By AJAY PUNJABI posted Wed April 01, 2020 06:20 AM

  
Co-authored by Ron Williams.

Why is relevance scoring critical to threat management?


D
eciphering which threats are most relevant to an organization is one of the biggest challenges that analysts face daily. Multiple threats rated as 'HIGH' inundate security operations center (SOC) analysts by filling their investigative queue. Alternatively, analysts too often find, after the fact, that threats that were classified as  'LOW' or unrated are more deserving of their time and effort. 


Challenges to solving this problem

Analysts use various standard and ad-hoc models to characterize a particular threat. They may score or rank a threat in order to indicate a confidence in its conclusions, relevance to a particular situation or use case, or other potential impact to the target. Threat intelligence is often accompanied by similar sets or measures and categories, like the category of the threat, such as Botnet Command and Control, Malware Servers, or Phishing URLs; confidence ratings (0-100%); and one or more component scores like the Common Vulnerability Scoring System. 

A key problem faced by analysts is contextualization, the process of making threat intelligence relevant to my organization. An analyst is charged with sorting whether a given event is relevant  to their organization. If so, they assess the relative impact, collect and demonstrate how the evidence supports the conclusions, produce and deliver a report to their organization, and investigate the next one. 

Analysts spend a significant amount of time correlating multiple data sources to make decisions in the SOC. Getting to relevant threats is the key challenge. Without contextual relevance, organizational leaders are unable to accurately assess the impact to their organization, leading to misappropriation of resources to address the most relevant threats.  

Threat scores may indicate confidence and the potential impact of a threat globally. Threat scores may be human, algorithmic, or both. The key challenge for the analyst is correlating the properties of the scored indicators with the private indicators in their infrastructure. Analysts need to see threat scores in context of their own individual situation, and in turn prioritize which threats are most relevant to them. 

The problem is not getting smaller. Analysts are racing against time to analyze all their events and prioritize threats for monitoring. Analyst resources are scarce and malicious activity is growing daily.
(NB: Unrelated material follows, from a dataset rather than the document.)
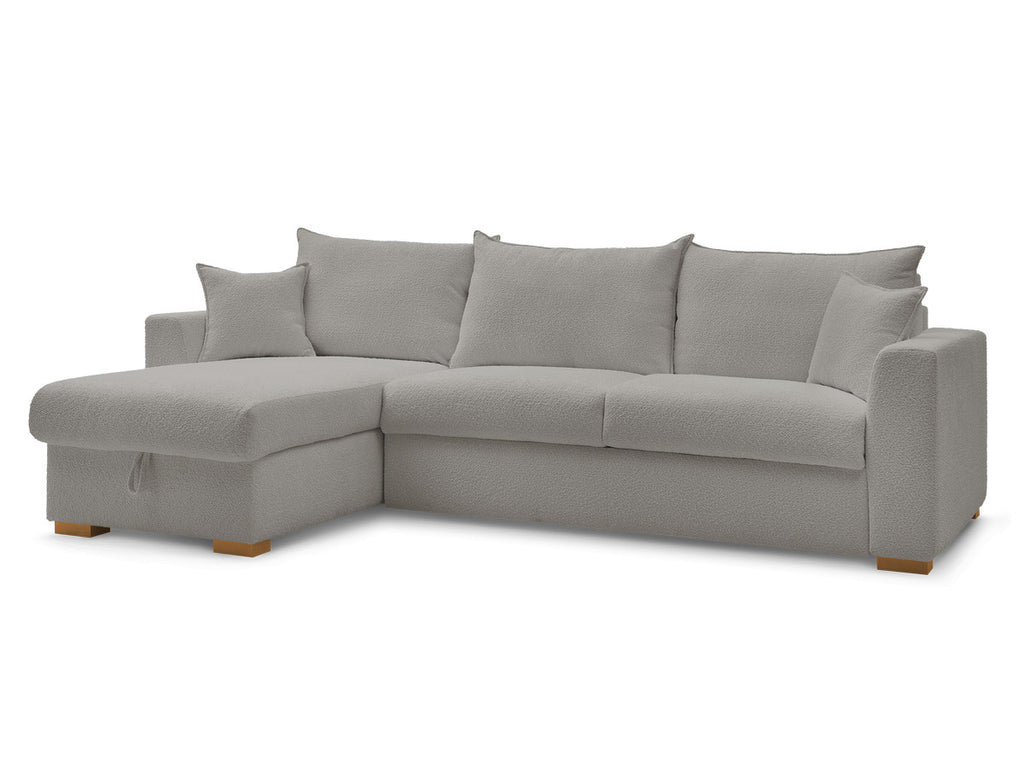 Augustin - Canapé D'Angle Réversible Convertible Ouverture Express - Tissu Bouclette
Analysts are drowning in a sea of threat intelligence and telemetry and frequently left to make sub-optimal assessments of risks.


Introducing the IBM X-Force Threat Score

 
The IBM X-Force Threat Score was developed to help analysts prioritize workloads in the SOC by quickly identifying those threats which are most relevant to their organization. It is an analytical and adaptive score that continuously takes into account various captured threat vectors, such as organization profile (industry, locations), threat severity, and local sightings from the user's environment.

The dynamic IBM X-Force Threat Score is the result of correlating all connected sources of data from the users environment. This includes data from firewalls, routers, SIEMs, and other monitoring products from IBM and third parties. The IBM X-Force Threat Score combines local relevance and provides the analyst and their organization with a contextualized perspective to the conditions they are facing.


Debut Launch of IBM Security Threat Intelligence Insights


The IBM X-Force Threat Score is included in the new 
IBM Security Threat Intelligence Insights application on IBM Cloud Pak for Security. Users will see prioritized, relevant threats based on profile-specific characteristics. After users connect data sources from their environment, Threat Intelligence Insights will automatically scan all known indicators in threats against a user's environment, updating the X-Force Threat Score for each threat on a regular cadence, enabling analysts to focus on what's critical.